Cluster analysis

HAMLET joint frequencies offers an optional hierarchical cluster analysis which can help to determine whether further analysis of the similarities matrix, for example by the multidimensional scaling techniques offered, will be useful.

When matrices have been separately saved, the main menu item Cluster Analysis offers independent access to both hierarchical and non-hierarchical clustering procedures.

For Hierarchical Cluster Analyses, toggle the button "Diameter"/"Connectedness" in the above control panel to select the clustering method to be applied to the matrix of similarities generated by HAMLET joint frequencies. Click Display ... to see the results of the clustering method selected displayed as a dendrogram.

Enter a minimum similarity value as a decimal fraction ( 0 <= s <= 1 ) in the appropriate box and click Show clusters ... to list the word clusters with this minimum similarity. The cluster contents can be saved in a file for later reference if required.

The results of cluster analysis are frequently used as an interpretative aid in examining configurations of points resulting from dimensional analysis. The means of clusters selected can be plotted when the results of a MINISSA analysis of the same matrix are displayed, by selecting analyse clusters from the Data menu in the corresponding display. This will also provide an analysis of variance of the squared distances in the specified clusters. For the purposes of text analysis, although hierarchical clustering and dimensional analysis are not equivalent procedures, the absence of any substantial clustering normally indicates that there would be little point in continuing with a full dimensional scaling procedure. In particular, further analysis should be avoided where any items are joined to the dendrogram only at the highest level, indicating that they have no connection with any other item in the analysis.

The alternative methods of hierarchical clustering offered here use different criteria in assigning the individual vocabulary entries to clusters: the "connectedness" or "single link" method looks for the greatest similarity between an unassigned item and those contained in existing clusters; the "diameter" or "complete linkage" method defines the similarity between groups as the similarity between their least similar pair of individual items.

The Non-Hierarchical Cluster Analysis option uses an efficient new algorithm (M.Brusco, 2003) to partition the input matrix into successive numbers of clusters, each containing at least one item. Clusters are mutually exclusive, and exhaustive, in that all items are assigned to a cluster. Unfortunately, given the number of ties that can occur in minimum diameter partitioning, it is likely that there are many alternative optima in large matrices. It is therefore advisable to compare the results obtained by this method with those from hierarchical clustering of the same data, as well as with those of multimensional scaling of the same matrix.   

For matrices representing up to 15 categories, the program lists all sets of clusters from 2 to the total number of categories minus 1. For larger matrices, enumeration is restricted to half the matrix size up to a maximum of 20 clusters, and may take some time due to the number of alternative partitions possible. 

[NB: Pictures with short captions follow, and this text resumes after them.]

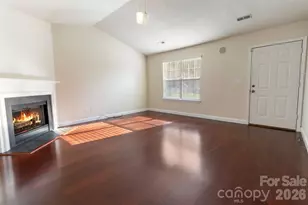 9313 Four Mile Crk Rd, Charlotte, NC 28277 - Photo 6
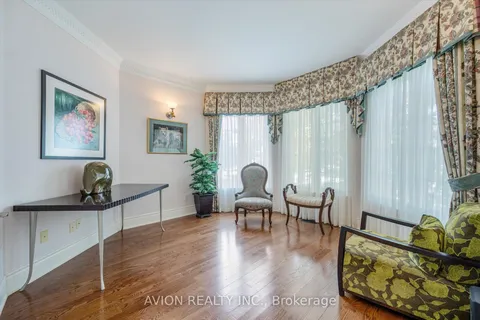 37 Frybrook Crescent, ON L4B 4B9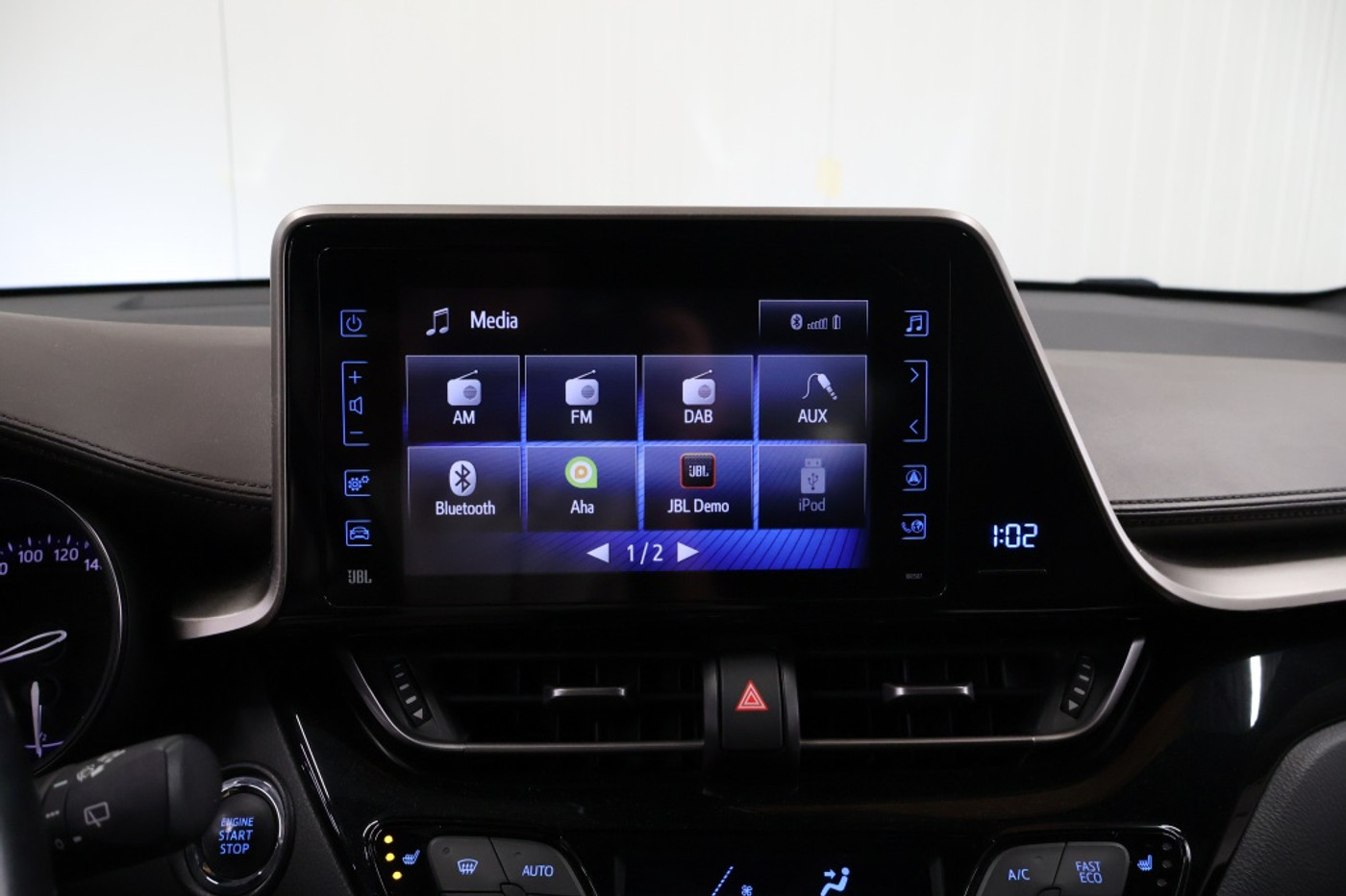 Foto van Toyota C-hr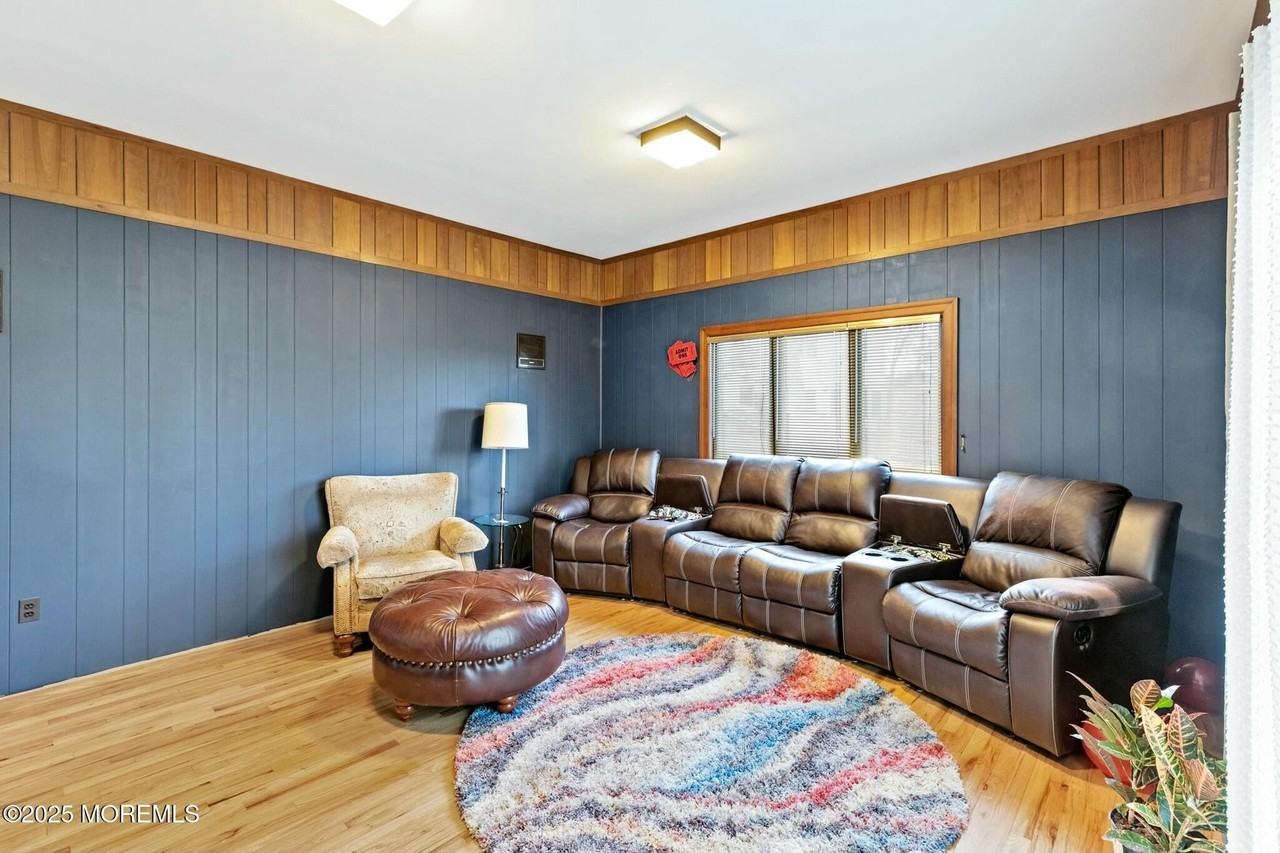 399 Golfview Dr - Photo 3 of 29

The algorithm seeks to minimize the partition diameter, which is related to Johnson's diameter method used in the hierarchical clustering option. The diameter of a cluster is the maximum pairwise dissimilarity index among objects in that cluster. The partition diameter is defined as the maximum of the cluster diameters. To minimize the diameter of the partition is equivalent to minimizing the maximum dissimilarity index accross all subsets for the number of partitions to be calculated.